Roulette - Betting Strategies and Tactics

Betting Strategies and Tactics

Over the years, many people have tried to beat the casino, and turn roulette - a game designed to turn a profit for the house - into one on which the player expects to win. Most of the time this comes down to the use of betting systems, strategies which say that the house edge can be beaten by simply employing a special pattern of bets, often relying on the "Gambler's fallacy", the idea that past results are any guide to the future (for example, if a roulette wheel has come up 10 times in a row on red, that red on the next spin is any more or less likely than if the last spin was black).

All betting systems that rely on patterns, when employed on casino edge games will result, on average, in the player losing money.
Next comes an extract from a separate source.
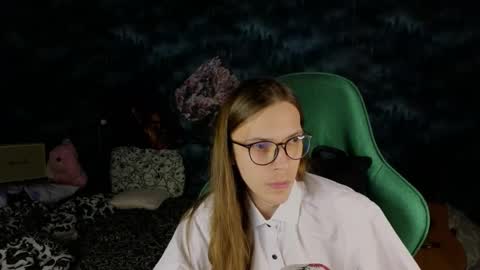 Snapshot of m1shq chatting on 09/17/25, 05:03 m1shq online show from 09/17/25, 05:03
In practice, players employing betting systems may win, and may indeed win very large sums of money, but the losses (which, depending on the design of the betting system, may occur quite rarely) will outweigh the wins. Certain systems, such as the Martingale, described below, are extremely risky, because the worst case scenario (which is mathematically certain to happen, at some point) may see the player chasing losses with ever bigger bets until he runs out of money.

The American mathematician Patrick Billingsley said (Probability and Measure (second edition, page 94) that no betting system can convert a subfair game into a profitable enterprise. At least in the 1930s, some professional gamblers were able to consistently gain an edge in roulette by seeking out rigged wheels (not difficult to find at that time) and betting opposite the largest bets.